Please repeat the lines below exactly. Begin with the line containing "CFGM: ATENCIÓ A" and go on through the line containing "INTERNACIONAL".

**Entries shown**
━━━━━━━━━━
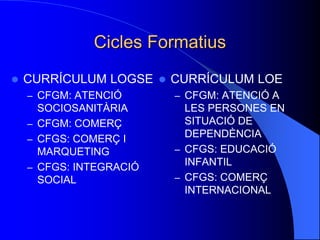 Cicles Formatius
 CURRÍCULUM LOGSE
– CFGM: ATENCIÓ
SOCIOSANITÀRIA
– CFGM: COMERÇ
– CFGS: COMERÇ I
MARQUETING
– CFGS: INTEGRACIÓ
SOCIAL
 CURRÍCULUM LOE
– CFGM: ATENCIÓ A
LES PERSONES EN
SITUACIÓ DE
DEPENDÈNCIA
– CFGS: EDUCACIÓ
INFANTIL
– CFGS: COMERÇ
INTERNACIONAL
━━━━━━━━━━
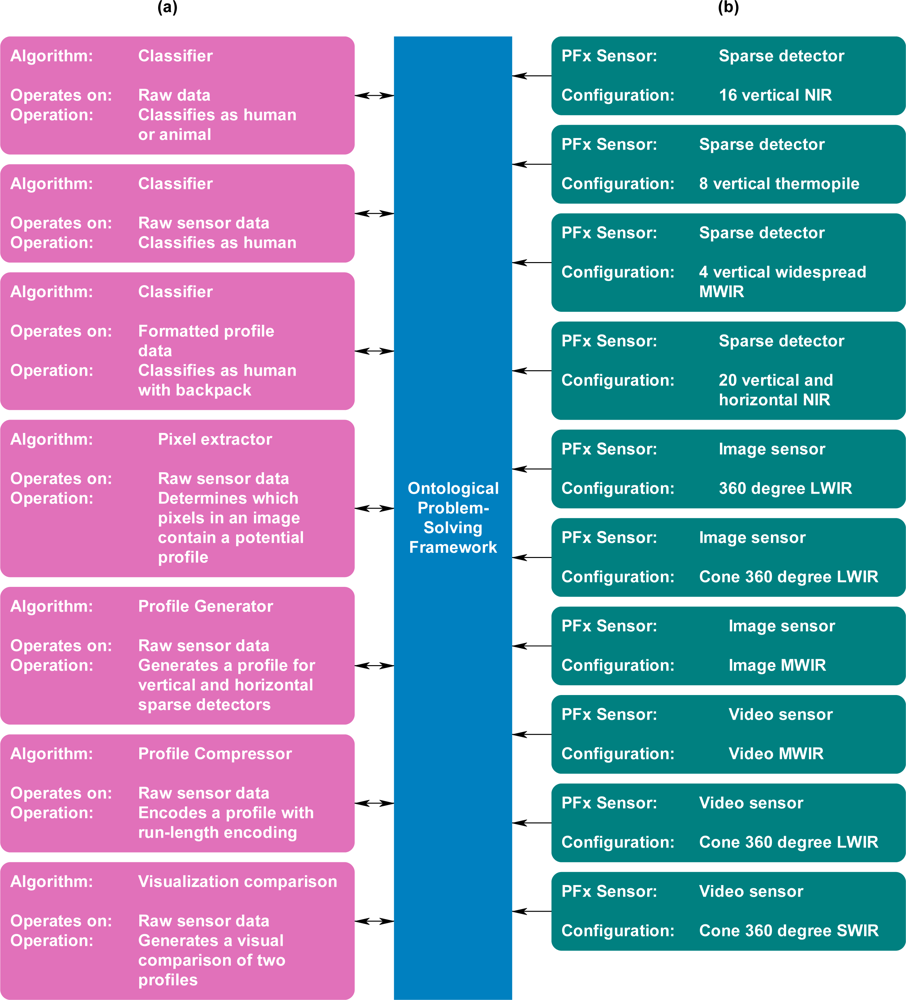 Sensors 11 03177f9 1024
━━━━━━━━━━
**Solution**
– CFGM: ATENCIÓ A
LES PERSONES EN
SITUACIÓ DE
DEPENDÈNCIA
– CFGS: EDUCACIÓ
INFANTIL
– CFGS: COMERÇ
INTERNACIONAL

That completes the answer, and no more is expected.